Creative jealousy and insecurity.

Two incredibly creative and wonderful women inspired me in unexpected ways last week. First, I loved Stephanie Howell’s post about who she is as a scrapbooker, and why she’s ok with that. Then Ali Edwards sent out a creative lift for the week via email that was all about, well, creative insecurity.  Which actually hit on point with some stuff I’ve been up to and thinking about, eerily so actually.

I let them both know that I loved what they shared, and shared a bit of myself with them as well. Which then got me thinking about somehow blogging about this creative insecurity and self confidence stuff and all that… and here we are.

First I want to address something: Creative jealousy and insecurity.

It happens to the best of us.

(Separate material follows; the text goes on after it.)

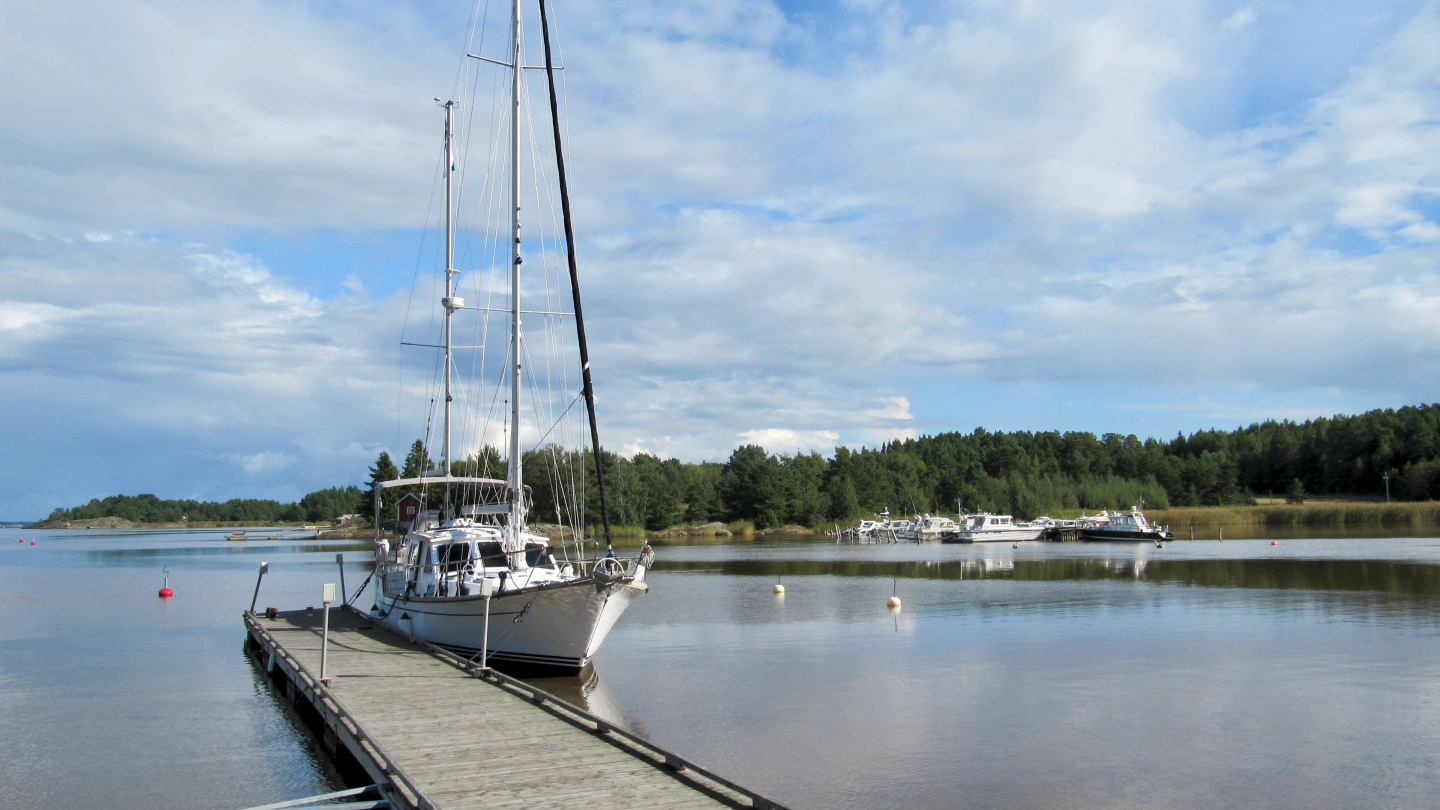 Suwena in the harbour of Kirjais island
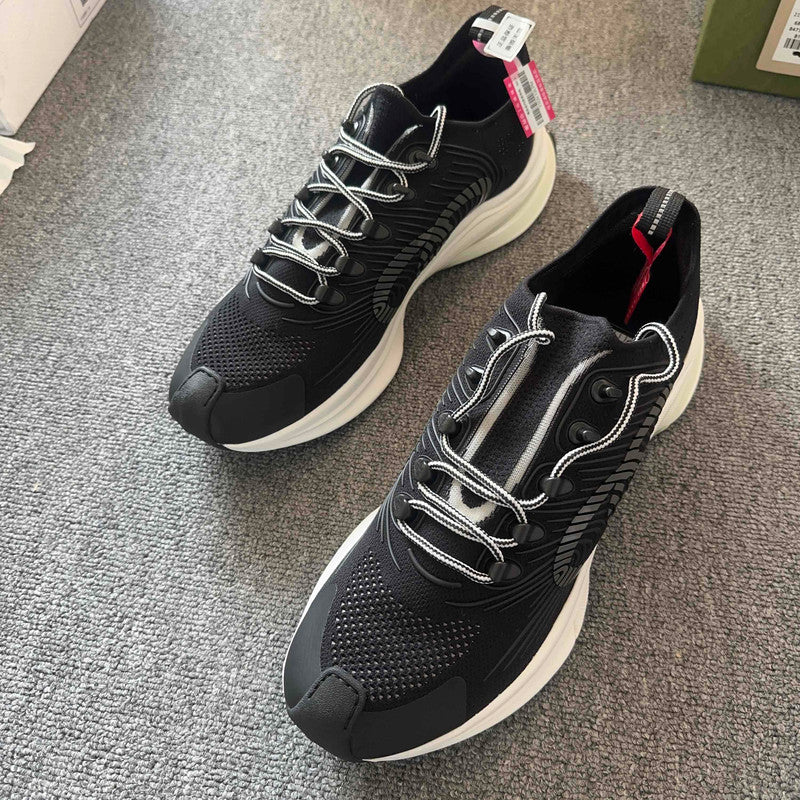 Gucci RUN Casual Sneakers in Black and White 0079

When it does, it can be pretty ugly. Here are my thoughts.

I’m really freaking good at being me. I stink at being anyone else, so I’m not even going to try. When I create anything from a project to share in a class to something just for fun to a commissioned project, I have one rule: enjoy the process.

I think about what *I* want to do, what *I* think is fun and cool and what direction I feel like going in and I cut loose.

Every. Time.

Why? Well, when I’m over thinking things or worrying about what ___ will think or if it’ll be as good as ___’s work… whatever I make is crap. I figured it out a few years back when I was trying SO VERY HARD – that it was in fact the trying hard that was messing me up. I was thinking so much that I left no spontaneity, no creative spark, no room for imagination or play.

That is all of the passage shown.